Automatic 4wd dr is a joke and is for grandmas and grandpas, lol well its all i have ever had and never once have had an issue with them what so ever, and my avalanche 2500 when plowing is never been in 4wd hi or low its only ever been auto 4wd and never needed anyything more then that but i guess its a matter of preference and will take auto 4wd drive over locking hubs any day


----------



## sweetk30 (Sep 3, 2006)

nathan11507;1211042 said:


> Automatic 4wd dr is a joke and is for grandmas and grandpas, lol well its all i have ever had and never once have had an issue with them what so ever, and my avalanche 2500 when plowing is never been in 4wd hi or low its only ever been auto 4wd and never needed anyything more then that but i guess its a matter of preference and will take auto 4wd drive over locking hubs any day


i am not gona start a pissin match. but if your quotin me you better go back and read what i typed again.

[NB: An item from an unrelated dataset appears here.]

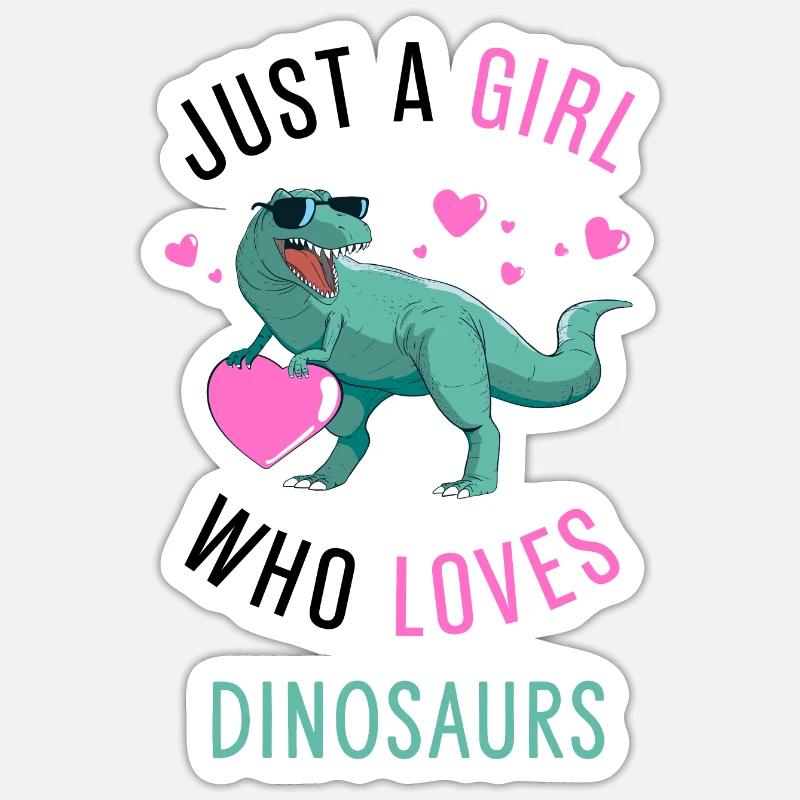 Nur ein Mädchen, das Dinosaurier süß Dinosaurier Geschenk Sticker Größe S (10 x 10 cm)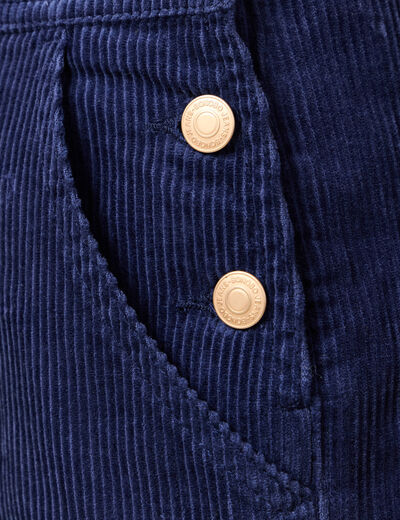 Combinaison salopette en velours c&ocirc;tel&eacute; bleu marine femme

" auto locking hubs " NOT auto 4x4 in general.

those hubs are well known for blowing up and screwing up. hell before i got reg locking hubs i got stuck in 4wd in snow in a parking lot. thay wouldnt lock back in when going from backwards to forwards.

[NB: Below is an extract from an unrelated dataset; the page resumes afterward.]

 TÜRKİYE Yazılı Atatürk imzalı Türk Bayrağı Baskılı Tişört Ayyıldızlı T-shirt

those hubs rely on the spinning of the shaft to lock in-n-out. when you stop and change direction thay momentarily unlock then lock back in the other way. and when people dont under stand this and try forward/reverse real hard several times thay can and have blown them up.

for reg old work truck best is reg style locking hubs and or drive slugs . then newer vehicles these days dont have hubs except ford. but thay have a auto AND locked position to eliminate this problem.


----------



## Dave N (Aug 26, 2010)

Were pretty sure it's not the hubs, the truck still jumps around with new ones in

Tomorrow were ordering a new spider gear kit, comes with all necessary gears, washers, pins and nuts; under 100 bucks out the door 

If this isn't it then were calling it quits. 

Thanks for your help everybody!


----------